Olimpia EA7 Emporio Armani Milano – Acea Roma

Assago (Milano), 2 marzo 2014 di Stefano Daprile. La partita: alla palla a 2 saltano Samuels e Mbakwe. Priva di Langoford, out per precauzione, Milano completa il quintetto con Hackett, Gentile, Moss e Melli, mentre Coach Dalmonte sceglie Mayo, Goss, Jones e Hosley.

L’avvio di partita non è dei più entusiasmanti. Milano senza la sua punta di diamante prova a spostare il baricentro del suo gioco sotto le plance, ma i canestri iniziali arrivano soprattutto sfruttando il dinamismo di Moss. Roma costruisce ancora meno, se non palle perse a ripetizione che permettono a Milano un 12 a 4 dopo 6 minuti di gioco. Qui l’Emporio si intenerisce in difesa e concede il parziale di 8 a 0 ai capitolini che impattano la gara a quota 12. Finite le carinerie, Milano torna in se e il finale è tutto suo. Il finalmente positivo in attacco Melli piazza la tripla che scrive il suo personale bottino in doppia cifra, poi Hosley perde la testa e si fa fischiare un antisportivo letale per la Virtus. Hackett fa infatti gran bottino dalla lunetta con un 4 su 4 e ancora Melli nel possesso successivo trova il 21 a 13 sulla sirena.

Ancora Melli inaugura la seconda frazione lanciando il primo vantaggio in doppia cifra della gara. La giovane ala è letteralmente indemoniata . Sua la schiacciata del +11 e i suoi 16 punti personali a referto sono gli stessi di tutta Roma.

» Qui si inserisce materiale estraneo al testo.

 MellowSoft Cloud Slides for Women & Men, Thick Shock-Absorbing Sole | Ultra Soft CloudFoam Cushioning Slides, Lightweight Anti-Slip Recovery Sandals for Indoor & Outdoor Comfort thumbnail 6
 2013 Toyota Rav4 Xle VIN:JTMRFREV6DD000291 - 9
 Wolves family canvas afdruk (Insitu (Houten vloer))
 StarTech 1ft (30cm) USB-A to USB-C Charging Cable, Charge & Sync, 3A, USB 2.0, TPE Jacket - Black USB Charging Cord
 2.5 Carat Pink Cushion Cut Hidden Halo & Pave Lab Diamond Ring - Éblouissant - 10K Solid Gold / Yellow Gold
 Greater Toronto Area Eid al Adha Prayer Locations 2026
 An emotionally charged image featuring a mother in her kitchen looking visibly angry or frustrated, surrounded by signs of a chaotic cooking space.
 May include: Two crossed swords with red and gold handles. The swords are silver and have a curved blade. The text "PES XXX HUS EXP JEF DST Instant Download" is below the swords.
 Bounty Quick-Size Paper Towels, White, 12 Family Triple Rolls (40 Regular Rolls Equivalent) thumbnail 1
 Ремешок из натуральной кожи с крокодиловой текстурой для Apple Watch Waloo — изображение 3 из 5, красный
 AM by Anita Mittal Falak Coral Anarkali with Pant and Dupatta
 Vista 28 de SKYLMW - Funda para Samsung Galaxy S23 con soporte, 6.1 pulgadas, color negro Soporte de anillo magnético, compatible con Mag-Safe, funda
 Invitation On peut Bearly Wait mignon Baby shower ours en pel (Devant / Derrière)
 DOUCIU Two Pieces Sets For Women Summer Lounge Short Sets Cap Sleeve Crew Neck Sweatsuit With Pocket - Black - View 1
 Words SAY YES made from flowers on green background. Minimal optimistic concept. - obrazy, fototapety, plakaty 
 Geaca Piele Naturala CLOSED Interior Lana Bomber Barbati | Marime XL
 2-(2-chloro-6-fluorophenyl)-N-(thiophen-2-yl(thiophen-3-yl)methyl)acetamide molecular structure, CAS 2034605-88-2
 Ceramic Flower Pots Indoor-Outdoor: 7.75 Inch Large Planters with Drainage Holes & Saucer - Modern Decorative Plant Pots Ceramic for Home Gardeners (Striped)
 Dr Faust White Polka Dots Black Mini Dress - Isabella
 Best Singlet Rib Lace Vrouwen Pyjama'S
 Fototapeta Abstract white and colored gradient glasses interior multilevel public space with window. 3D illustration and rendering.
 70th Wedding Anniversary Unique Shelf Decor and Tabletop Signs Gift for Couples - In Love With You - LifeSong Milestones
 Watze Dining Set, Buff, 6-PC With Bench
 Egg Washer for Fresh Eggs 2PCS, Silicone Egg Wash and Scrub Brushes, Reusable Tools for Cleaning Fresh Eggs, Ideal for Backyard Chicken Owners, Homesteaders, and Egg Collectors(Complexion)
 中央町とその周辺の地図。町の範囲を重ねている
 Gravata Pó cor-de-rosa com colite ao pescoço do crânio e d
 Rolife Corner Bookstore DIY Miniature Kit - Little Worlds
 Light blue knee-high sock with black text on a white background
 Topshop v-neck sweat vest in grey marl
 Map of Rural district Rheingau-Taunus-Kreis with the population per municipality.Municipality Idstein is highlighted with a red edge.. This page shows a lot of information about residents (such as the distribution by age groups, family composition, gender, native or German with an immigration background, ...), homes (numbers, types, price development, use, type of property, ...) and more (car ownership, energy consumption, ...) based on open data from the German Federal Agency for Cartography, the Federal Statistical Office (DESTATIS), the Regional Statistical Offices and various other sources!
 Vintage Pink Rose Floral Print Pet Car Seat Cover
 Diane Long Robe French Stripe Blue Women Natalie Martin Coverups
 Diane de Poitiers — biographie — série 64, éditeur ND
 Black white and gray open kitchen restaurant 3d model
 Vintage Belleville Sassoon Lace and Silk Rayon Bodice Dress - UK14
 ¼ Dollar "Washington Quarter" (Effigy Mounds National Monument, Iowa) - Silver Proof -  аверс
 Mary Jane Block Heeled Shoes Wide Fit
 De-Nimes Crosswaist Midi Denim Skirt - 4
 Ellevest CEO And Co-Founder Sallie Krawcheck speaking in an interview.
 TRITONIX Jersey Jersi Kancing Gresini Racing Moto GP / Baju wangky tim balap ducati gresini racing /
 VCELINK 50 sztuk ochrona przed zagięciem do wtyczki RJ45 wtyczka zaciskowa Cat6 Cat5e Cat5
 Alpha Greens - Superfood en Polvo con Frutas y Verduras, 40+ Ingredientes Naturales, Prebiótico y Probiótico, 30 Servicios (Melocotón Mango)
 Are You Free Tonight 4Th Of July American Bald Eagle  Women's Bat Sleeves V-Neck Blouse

L’Olimpia è già imprendibile, lo sa Roma e lo capisce l’idolo del Forum, Cerella, che sfrutta il momento piazzando altri 5 punti che dilatano ancor di più il vantaggio, ma soprattutto alzano il volume degli spalti. Moss trova 2 triple che doppiano i capitolini sul 40 a 20, Kangur senza pietà azzanna il cadavere dell’Acea per il +23. Hosley, con 6 punti consecutivi, cerca di farsi perdonare l’ingenuità della prima frazione e costruisce un’illusione di rientro per la Virtus. Il punteggio alla sirena è infatti un po’ meno amaro per Roma. L’Olimpia conduce 46 a 31 ma bastano le espressioni degli ospiti per capire che alla rimonta non ci crede nessuno, nemmeno Coach Dalmonte.

Si riprende con le Scarpette Rosse visibilmente rilassate. L’Acea a onor di firma fa sembrare ancora viva la partita. L’illusione dura qualche minuto e porta la Virtus fino al meno 9 in virtù del 54 a 45 scritto sui tabelloni. E’ il momento in cui le scarpette rosse svelano il trucco. Basta un minuto, quello in cui Cerella, Melli e Jerrells mitragliano la difesa capitolina con 3 triple consecutive che rimettono Milano sopra 63 a 45. Non c’è più spazio per altri magheggi con la frazione che termina 63 a 47.

Il garbage time dell’ultimo quarto serve solo a concedere la standig ovation per Melli, autore del suo massimo in carriera con 24 punti, e per Bruno Cerella, ex ranocchio di inizio stagione, ora tramutatosi in principe a suon di prestazioni convincenti tutte cuore e grinta. Milano vince 85 a 61 e con un Cerella così nessun obiettivo è irraggiungibile.

Pagelle: Gentile 6,5 – Cerella 7,5 – Melli 8 – Hackett 6,5 – Kangur 6 – Langford n.e. – Samuels 6 – Wallace 5,5. – Lawal 6 – Moss 7 – Jerrells 6,5.